╭─ GIVEN RECORDS

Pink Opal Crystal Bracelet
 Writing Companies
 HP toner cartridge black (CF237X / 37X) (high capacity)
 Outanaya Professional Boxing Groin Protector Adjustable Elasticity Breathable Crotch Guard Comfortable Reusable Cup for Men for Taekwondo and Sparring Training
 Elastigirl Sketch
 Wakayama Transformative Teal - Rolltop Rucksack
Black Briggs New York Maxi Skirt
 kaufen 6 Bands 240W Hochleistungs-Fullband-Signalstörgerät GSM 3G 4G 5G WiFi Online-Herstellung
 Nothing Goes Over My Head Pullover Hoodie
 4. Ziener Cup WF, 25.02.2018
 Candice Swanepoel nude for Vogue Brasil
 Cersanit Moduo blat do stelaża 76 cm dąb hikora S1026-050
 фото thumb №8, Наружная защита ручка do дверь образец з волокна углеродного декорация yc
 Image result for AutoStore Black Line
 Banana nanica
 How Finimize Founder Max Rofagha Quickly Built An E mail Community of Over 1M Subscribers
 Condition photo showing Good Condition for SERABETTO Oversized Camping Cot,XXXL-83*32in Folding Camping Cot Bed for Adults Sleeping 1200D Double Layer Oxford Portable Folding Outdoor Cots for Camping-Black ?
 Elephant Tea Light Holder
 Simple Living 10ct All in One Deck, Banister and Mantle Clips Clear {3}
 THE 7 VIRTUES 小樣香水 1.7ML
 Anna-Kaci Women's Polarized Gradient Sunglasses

╰─

● **WHAT IS BEING ASKED**
The final stretch of the listing, from the line containing "How Finimize Founder" through its last line, both included, is to be output exactly and by itself.

● **RESULT FOR THIS EXERCISE**
 How Finimize Founder Max Rofagha Quickly Built An E mail Community of Over 1M Subscribers
 Condition photo showing Good Condition for SERABETTO Oversized Camping Cot,XXXL-83*32in Folding Camping Cot Bed for Adults Sleeping 1200D Double Layer Oxford Portable Folding Outdoor Cots for Camping-Black ?
 Elephant Tea Light Holder
 Simple Living 10ct All in One Deck, Banister and Mantle Clips Clear {3}
 THE 7 VIRTUES 小樣香水 1.7ML
 Anna-Kaci Women's Polarized Gradient Sunglasses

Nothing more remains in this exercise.